### Exercise objective
An unchanged copy of every record below, without pictures, is the goal.

START Extracted records

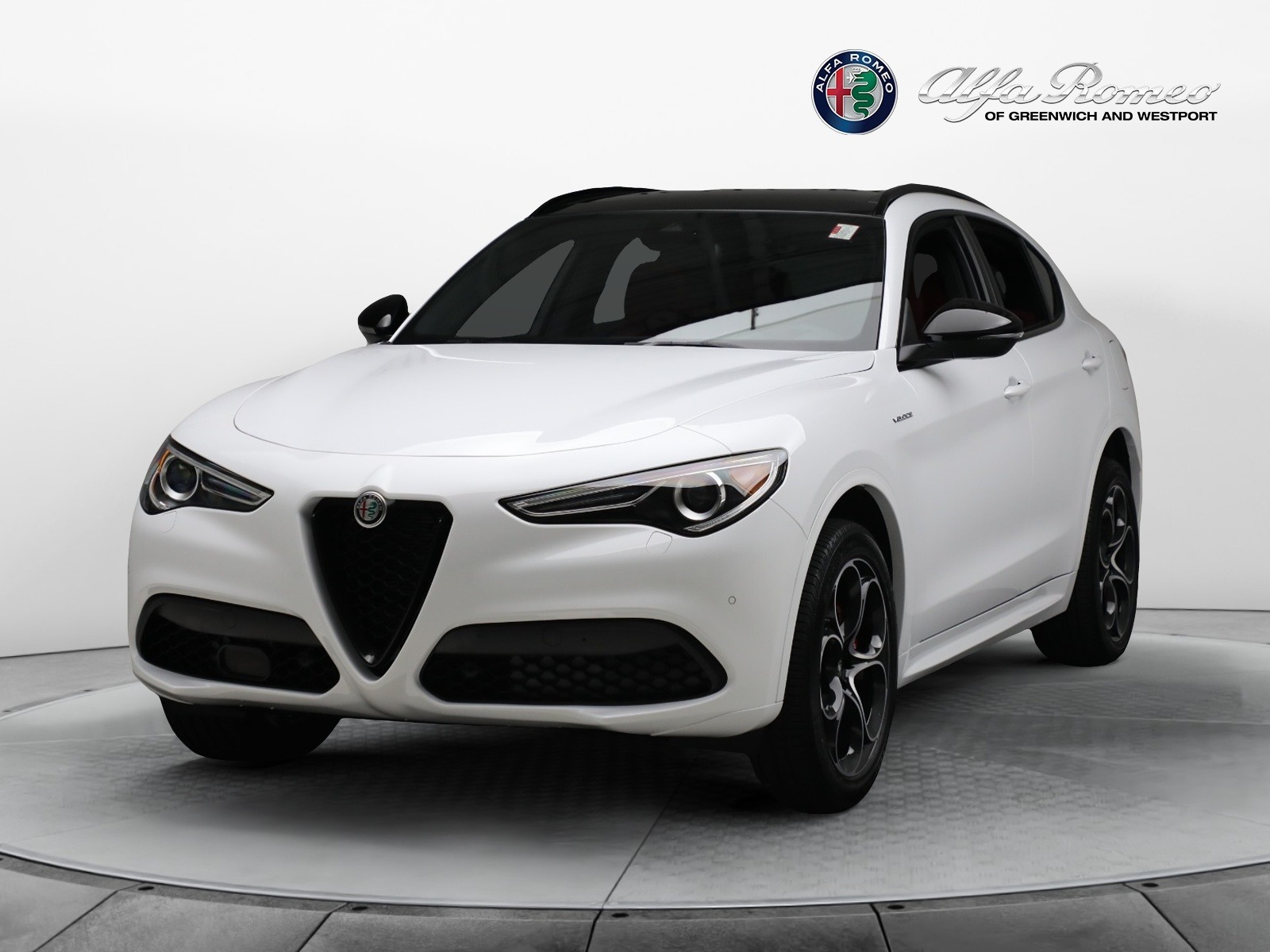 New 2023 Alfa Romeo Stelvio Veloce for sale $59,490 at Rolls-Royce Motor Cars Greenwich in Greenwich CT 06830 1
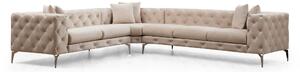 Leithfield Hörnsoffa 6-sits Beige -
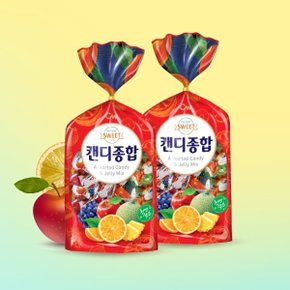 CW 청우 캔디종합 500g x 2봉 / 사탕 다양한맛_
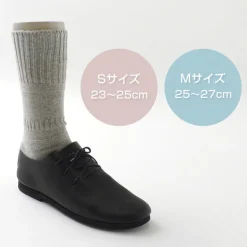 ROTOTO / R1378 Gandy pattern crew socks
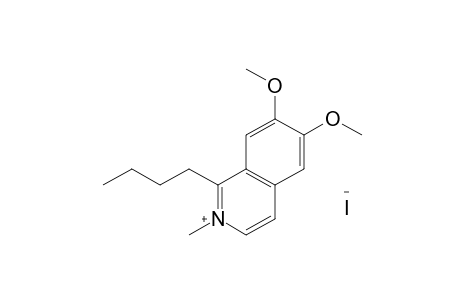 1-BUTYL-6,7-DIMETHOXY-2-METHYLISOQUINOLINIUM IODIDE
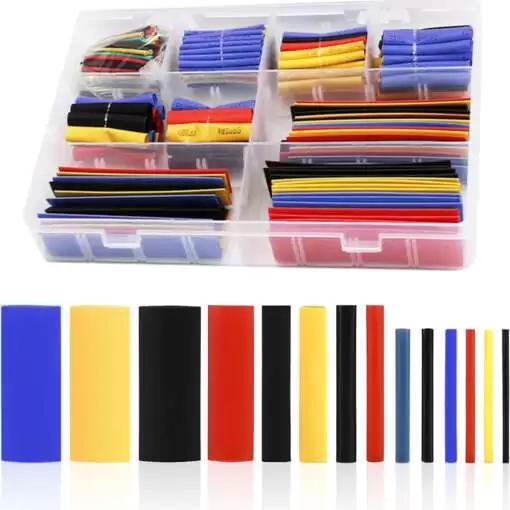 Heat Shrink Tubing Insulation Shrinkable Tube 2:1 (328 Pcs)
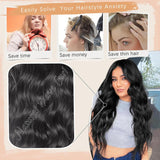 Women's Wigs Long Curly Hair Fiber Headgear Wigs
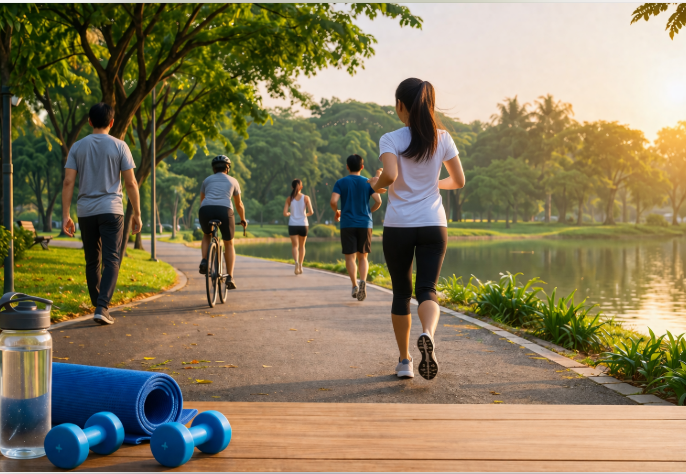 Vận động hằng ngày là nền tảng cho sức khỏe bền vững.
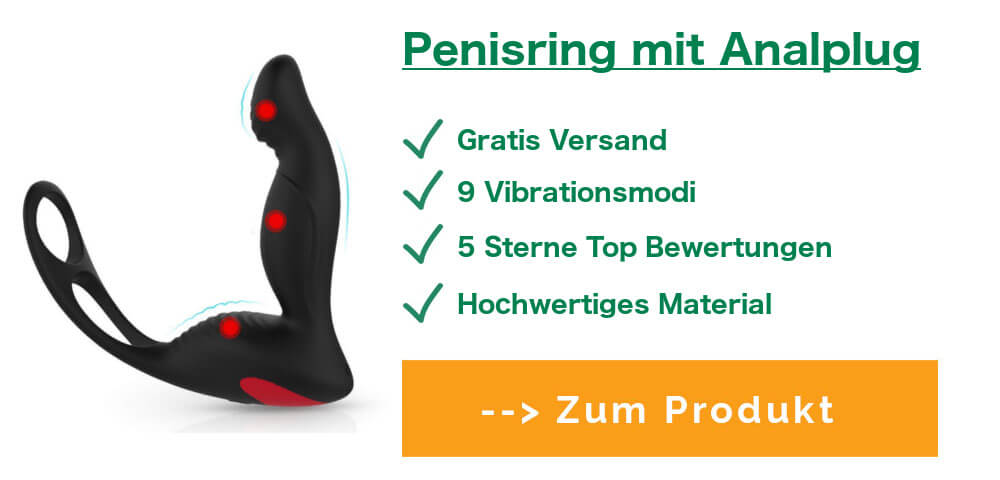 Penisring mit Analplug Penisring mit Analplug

END Extracted records

### Task answer
 New 2023 Alfa Romeo Stelvio Veloce for sale $59,490 at Rolls-Royce Motor Cars Greenwich in Greenwich CT 06830 1
 Leithfield Hörnsoffa 6-sits Beige -
 CW 청우 캔디종합 500g x 2봉 / 사탕 다양한맛_
 ROTOTO / R1378 Gandy pattern crew socks
 1-BUTYL-6,7-DIMETHOXY-2-METHYLISOQUINOLINIUM IODIDE
 Heat Shrink Tubing Insulation Shrinkable Tube 2:1 (328 Pcs)
 Women's Wigs Long Curly Hair Fiber Headgear Wigs
 Vận động hằng ngày là nền tảng cho sức khỏe bền vững.
 Penisring mit Analplug Penisring mit Analplug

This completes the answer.